By Wu Tong
MCP Specification released the latest version on 2025-03-26, which provides a detailed introduction and explanation of the main changes.
Comparison table of the main updates between the 2025-03-26 version and the 2024-11-05 version:
| Category | 2024-11-05 Version | 2025-03-26 Version | Significance and Impact of Updates |
|---|---|---|---|
| Authorization Mechanism | Based on OAuth 2.0, supports implicit authorization flow and basic permission control | Upgraded to OAuth 2.1, deprecated implicit authorization flow, enforces PKCE and HTTPS | Increased security, reduced token leakage risks, adapts to public client scenarios (such as mobile and local applications). |
| Transport Protocol | Uses HTTP + SSE (dual endpoints), supports unidirectional stream communication | Replaced with Streamable HTTP (single endpoint), supports bidirectional communication and disconnection recovery | Simplifies deployment complexity, supports flexible communication modes (one-time response or stream push), optimizes network stability. |
| JSON-RPC Batching | Not enforced, some implementations optional | Protocol-level enforcement of batching (Batching), requires MUST implementation | Reduces network overhead, supports parallel task processing, enhances batch operation efficiency (e.g., atomic transactions). |
| Tool Metadata | Only inputSchema and description provided | Added Tool Annotations (operational and display metadata) | Explicitly marks tool risks (e.g., destructive), supports automatic permission control and frontend UI adaptation, enhances security compliance. |
| Progress Notifications | Supports only percentage or numerical progress | New message field added, supports dynamic status descriptions | Enhances user interaction experience (e.g., displays "Data loading, 50% remaining"). |
| Multimodal Support | Supports text and images | New audio data stream support added | Expands capabilities for voice assistants, real-time audio processing, and other scenarios. |
| Parameter Completion | Not explicitly supported | New completions capability declaration, supports automatic parameter completion suggestions | Increases developer efficiency, reduces manual input errors. |
| Session Management | No explicit session identification | Introduces Mcp-Session-Id header, supports reconnection and state recovery | Enhances reliability for long-running tasks (e.g., voice interactions), reduces the impact of network fluctuations. |
| Security Requirements | Relies on recommended practices of OAuth 2.0 | Mandatory HTTPS, token binding and storage encryption, supports short-lived token rotation | Reduces risk of man-in-the-middle attacks, minimizes the effective window after token leakage. |
Key Difference Summary:
1. Security
2. Communication Efficiency
3. Tool Controllability
4. Multimodal Extension
5. Developer Friendliness
The old version of OAuth 2.0 had three major deadly vulnerabilities for a long time:
| Risk Type | Specific Vulnerability | OAuth 2.1 Fix |
|---|---|---|
| Authorization Code Leakage | Implicit authorization flow transmits token through URL fragments | Completely deprecated implicit authorization (Implicit Flow) |
| Man-in-the-Middle Attack | Public clients transmit authorization code without encryption | Mandatory PKCE (Proof Key for Code Exchange) |
| Redirect Hijacking | Open redirect vulnerabilities lead to phishing attacks | Strict validation of redirect URI whitelist |
In the context of AI tools, these vulnerabilities could lead to catastrophic consequences. For example, by intercepting unencrypted authorization codes, attackers could forge legitimate call requests for a "database cleanup tool".

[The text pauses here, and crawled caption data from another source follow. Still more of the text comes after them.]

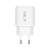 Ładowarka sieciowa Tech-Protect NCA65W-GAN USB-A, USB-C Network Charger PD 65W / QC3.0 White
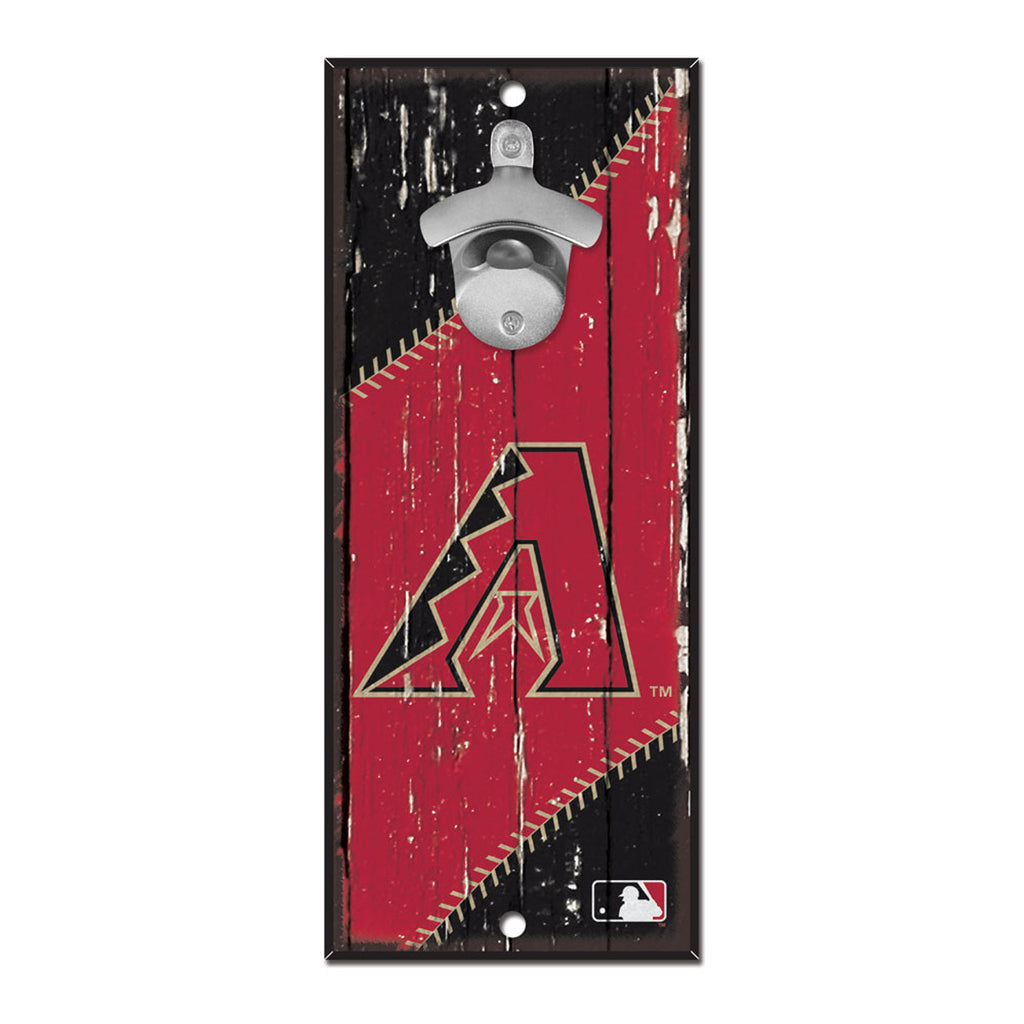 Arizona Diamondbacks Sign Wood 5x11 Bottle Opener Special Order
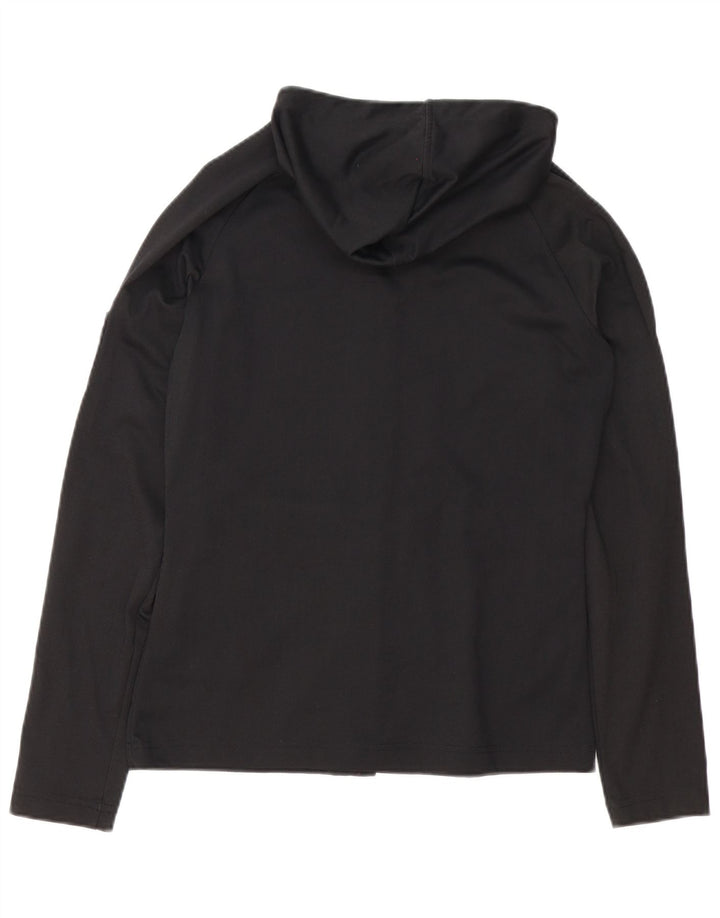 Женский спортивный костюм с капюшоном The North Face, верхняя куртка UK 14, средний черный
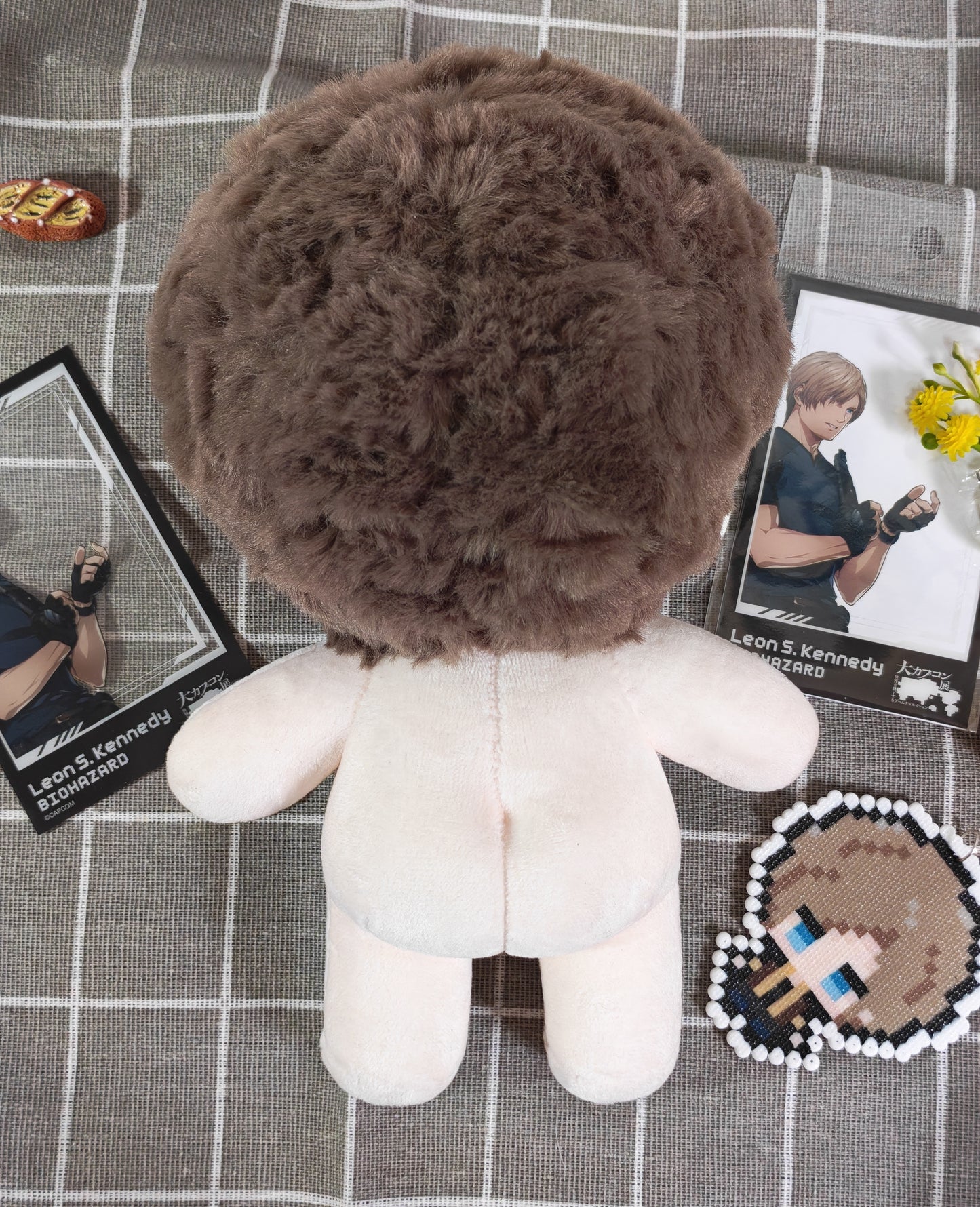 [Pre-order] RE9 Leon 20cm plush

PKCE completely eliminates man-in-the-middle attacks through cryptographic challenge-response mechanisms:
# Example of client generating PKCE parameters
import hashlib, base64, os
code_verifier = base64.urlsafe_b64encode(os.urandom(32)).decode('utf-8').rstrip('=')
code_challenge = hashlib.sha256(code_verifier.encode()).digest()
code_challenge = base64.urlsafe_b64encode(code_challenge).decode('utf-8').rstrip('=')
Traditional OAuth 2.0: Client → Authorization Server: Request authorization code Authorization Server → Client: Return raw authorization code OAuth 2.1 + PKCE: Client → Authorization Server: Request authorization code + code_challenge Authorization Server → Client: Return encrypted authorization code Client → Token endpoint: code_verifier + authorization code
In response to the fragmented nature of the AI tool ecosystem, MCP mandates support for the RFC7591 dynamic registration protocol:

This mechanism allows:
Implements self-describing protocol through standardized discovery endpoints:
GET /.well-known/oauth-authorization-server HTTP/1.1
Host: api.example.com
MCP-Protocol-Version: 2025-03-26
HTTP/1.1 200 OK
{
"issuer": "https://api.example.com",
"authorization_endpoint": "https://auth.example.com/authorize",
"token_endpoint": "https://auth.example.com/token",
"capabilities": ["PKCE", "TOKEN_ROTATION"]
}
In case of discovery failure, the client automatically falls back to preset endpoint paths to ensure compatibility.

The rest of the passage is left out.